Sam Vimes loves being a copper, but not so much His Grace when things have to be official, but after a magical “accident” caused by the Monks of History to send him 30 years into the past Vimes must make sure history happens like it did when he was a 17-year old newbie. Becoming his mentor Sergeant John Keel and second-in-command at his old Watch House, Vimes attempts to bring about the past he remembers so his “present” remains the same. Unfortunately for Vimes, a genius yet insane killer Carcer was brought back with him and has his own agenda—chaos and murder. Add in a revolution hitting Ankh-Morpork and Vimes is in for some very stressful days.

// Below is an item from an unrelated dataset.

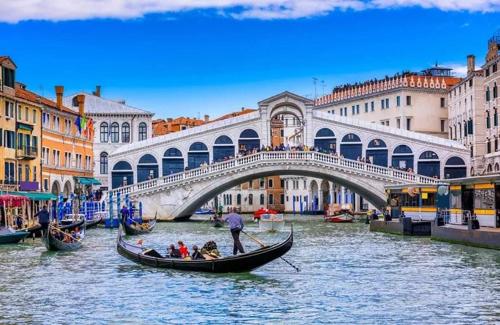 House of music near venice in موليانو فينيتو House of music near venice in موليانو فينيتو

This isn’t the first time that Pratchett has done a little time travel in a Discworld novel, but it was the first in which it was the primary element in one. Vimes becoming the heroic mentor to his younger self, is somewhat cliché but Pratchett uses Vimes own grim view of the world to an advantage as starts to become imprinted on young Sam. Yet, Vimes existential fretting about messing up his future does get tiresome after him doing it so many times in the book that it almost seems that Pratchett was finding ways to take up page space.
Night Watch is an action-packed installment in the Discworld series that Pratchett writes fantastically with Sam Vimes as the protagonist, even with the overused existential fretting. Once again I’ve found a Watch book bringing out the best of Pratchett and the entire Discworld setting, I can only hope the other two books of the subseries will be the same.